Ninth Circuit Rejects Kalshi and Polymarket Bid to Pause Nevada and Washington Cases

Ninth Circuit Rejects Kalshi and Polymarket Bid to Pause Nevada and Washington Cases

The Ninth Circuit denied efforts to halt the disputes and sent the matters back to state court, as Nevada regulators argue some prediction markets amount to unlicensed gambling despite CFTC-related preemption claims.

Fact Check
The claim is strongly supported by multiple independent, credible sources all published on May 22, 2026. Bloomberg Law, The Block, crypto.news, DeFiRate, and Odaily all consistently report that the Ninth Circuit denied emergency motions from Kalshi and Polymarket to pause gambling enforcement cases in Nevada and Washington.
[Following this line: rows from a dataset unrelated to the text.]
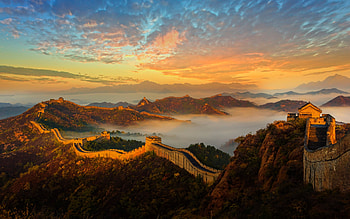 The Golden Mountain, Great Wall, China, landscape, clouds, colors, sky HD wallpaper
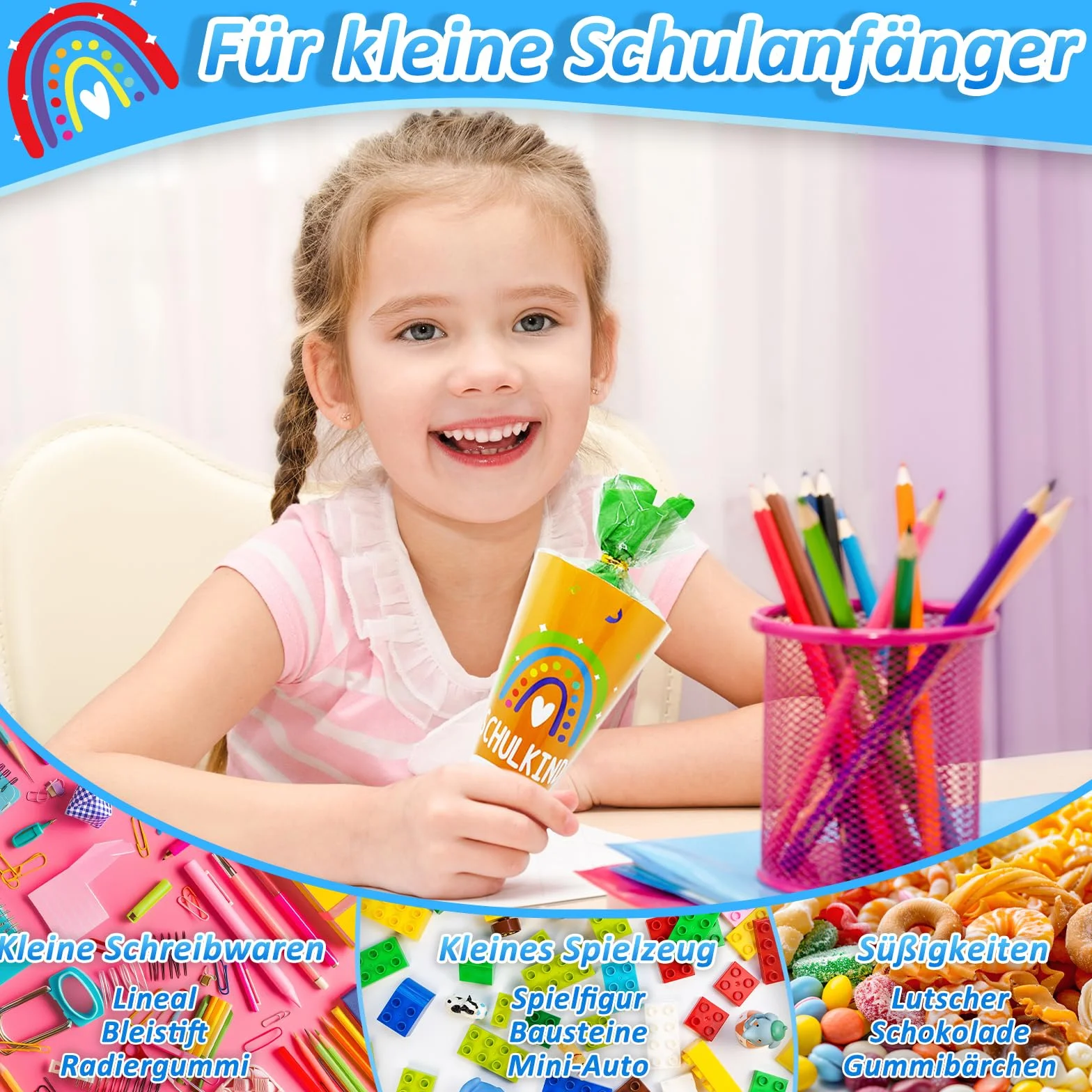 Sacchetti per la scuola 28 cm, mini sacchetti da riempire, zucchero colorato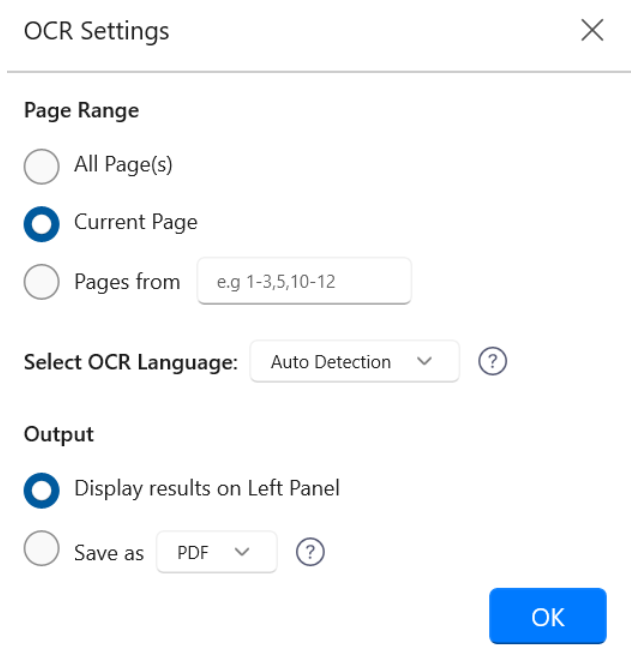 Select the range and the format of the output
The Block and DeFiRate provide specific legal details (CFTC preemption as affirmative defense, May 21 order date) that further corroborate the claim. There are no conflicting reports. The claim accurately characterizes the ruling as denying bids to pause the cases, allowing them to proceed in state courts.
Summary

The Ninth Circuit denied bids by Kalshi and Polymarket to halt proceedings tied to lawsuits in Nevada and Washington and sent the cases back to state court. The dispute centers on whether federal authority through the CFTC preempts state gambling law, but the appeals court allowed the state actions to continue. Nevada gaming regulators, who sued in February, allege that some markets offered unlicensed gambling. The ruling keeps alive the broader legal fight over whether prediction market contracts should be treated as federally regulated derivatives or as products subject to state gambling enforcement.

Terms & Concepts
  • Prediction market: A platform where users trade contracts tied to future events, with market prices often interpreted as estimates of the likelihood of specific outcomes.
  • CFTC: The U.S. Commodity Futures Trading Commission, the federal regulator overseeing derivatives markets and central to the preemption dispute in these cases.
  • derivatives: Financial contracts whose value is linked to an underlying asset or event; the cases dispute whether certain event-based contracts fall under this category.